Finally, in Eq. (2) we have implicitly assumed that \(\sum\nolimits_{i = 1}^{N} {\phi (x_{i} )} = 0\). Generally, this is not the case, this leads to the normalization of the kernel matrix, where we replacing \(K\) by the Gram matrix \(G\) as follows:

$$G = K - 1_{N} K - K1_{N} + 1_{N} K1_{N}$$
(16)

with:\(1_{N} = \frac{1}{N}\left( {\begin{array}{*{20}c} 1 & \ldots & 1 \\ \vdots & \ddots & \vdots \\ 1 & \cdots & 1 \\ \end{array} } \right) \in {\mathbb{R}}^{N \times N}.\)

2.2 Number of principal components

Determining the number of retained principal components (\(\ell\)) is the important step of modeling based on KPCA. The cumulative percent variance (CPV) has been proposed to compute the retain PC (\(\ell\)) (Zhang et al. 2012) and (Jaffel et al. 2016a, b).
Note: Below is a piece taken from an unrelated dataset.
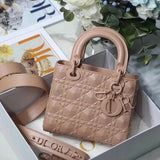 Dior Women's Bag Top version Original Leather2022Spring and Summer New Diamond-Shaped Rattan Plaid Diana Bag3Three Grids MiniLady Three Grids17cm Four Grids20cm Diamond Pattern New Diamond Rattan Plaid Women's Cow Leather Bag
The cumulative percent variance (CPV) is the sum of the first \(\ell\) eigenvalues divided by their total variations. It can be expressed as:

$$CPV(\ell ) = \frac{{\sum\nolimits_{j = 1}^{\ell } {\lambda_{j} } }}{{\sum\nolimits_{j = 1}^{m} {\lambda_{j} } }}100\%$$
(17)

The number \(\ell\) of retained PCs is chosen if the CPV is higher to 95%.

2.3 Fault detection

Like in PCA approach, the squared prediction error (SPE) is usually used for fault detection using KPCA (Nomikos and MacGregor 1995; Lahdhiri et al. 2017). However, the conventional KPCA does not provide any approach of data reconstruction in the feature space. Thus, the computation SPE index is difficult in the KPCA method. (Lee et al. 2004a, b; Choi et al. 2005) proposed a simple expression to calculate SPE in the feature space H, which is shown as follows:

$$SPE\,\, = \,\,\left\| {\,{\mathbf{k}}(x,x) - k_{{x_{t} }}^{T} \,\hat{P}\,\hat{\varLambda }^{ - 1} \,\hat{P}^{T} \,k_{{x_{t} }} \,} \right\|$$
(18)

where, \(\hat{P}\,\, = \,\,\left[ {\alpha_{1} , \ldots ,\alpha_{\ell } } \right]\) is the matrix of the first \(\ell\) principal eigenvectors of \(K\),\(\hat{\varLambda }\, = \,diag\left[ {\lambda_{1} , \ldots \,,\,\lambda_{\ell } } \right]\) is the diagonal matrix of the first \(\ell\) eigenvalues of \(K\) and \({\text{k}}_{{x_{t} }} \, = \left[ {{\mathbf{k}}(x_{1} ,x_{t} ), \ldots ,{\mathbf{k}}(x_{N} ,x_{i} ), \ldots ,{\mathbf{k}}(x_{N} ,x_{t} )} \right]^{T} ;\,\,i = 1 \ldots N\).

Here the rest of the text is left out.